Saturday, September 20, 2014


So today, I read a story by Dennis Dimick of National Geographic in which Dimick uses rhetorical deception to lull readers into accepting hints at eugenics and behavioral control.

So what does Dennis Dimick do? Repeatedly, Dimick uses the pronouns "us" and "we."

Someone should have told Dimick, there is no "us." There is no "we." There are only individuals.

First, Dimick tries to pluck the heart strings of his readers by opening with an unsubstantiated, but seeming fact of "There are more than 7 billion people on Earth now, and roughly one in eight of us doesn't have enough to eat."

After hitting his readers with unsubstantiated, wild guesses about the future head count (11 billion vs nine billion in the year 2100), cloaked in the garb of mathematical authority, Dimick lures in readers by suggesting that "we" need to have a talk about how we relate "climate change, energy, food supply, and freshwater" with population. Here, Dimick lays foundation for a call to behavioral control and eugenics.

Dimick follows up quickly with " many of us there are, how many children we have, how long we live, and where and how we live..." Instead, Dimick should have written: How many individuals there are, how many children individuals will have, how long individuals will live, and where and how individuals live.
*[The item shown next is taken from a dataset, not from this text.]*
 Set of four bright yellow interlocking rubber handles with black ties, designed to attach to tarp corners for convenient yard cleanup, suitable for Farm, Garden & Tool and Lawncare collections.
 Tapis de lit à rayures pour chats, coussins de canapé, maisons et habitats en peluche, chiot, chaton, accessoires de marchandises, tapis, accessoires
Dimick continues his witchery by suggesting to his readers that his readers have been breeding like rabbits when he writes, "We've been on a big growth spurt during the past century or so... Now, there are about 7.2 billion of us...In recent years we've been adding about a billion people every 12 or 13 years or so." If this were so, Dimick is suggesting to his readers that another seven billion individuals shall be upon the earth by 2100, pushing total population to 14.2 billion, or 3.2 to 5 billion beyond his reported mathematical authority earlier in his story.

Of course, Dimick fails to mention Africans. Sub-saharan Africans are those contributing most to population growth with the fastest growing population. Demographers estimate the one billion one hundred and eleven million sub-saharan Africans who now live shall grow to 3.5 to 5 billion by 2100. Nigerians alone are expected to increase from 200 million today to 900 million by 2100 according to a story published by the Guardian on 18 September 2014. In short, Sub-saharan Africans should constitute almost all population growth through 2100.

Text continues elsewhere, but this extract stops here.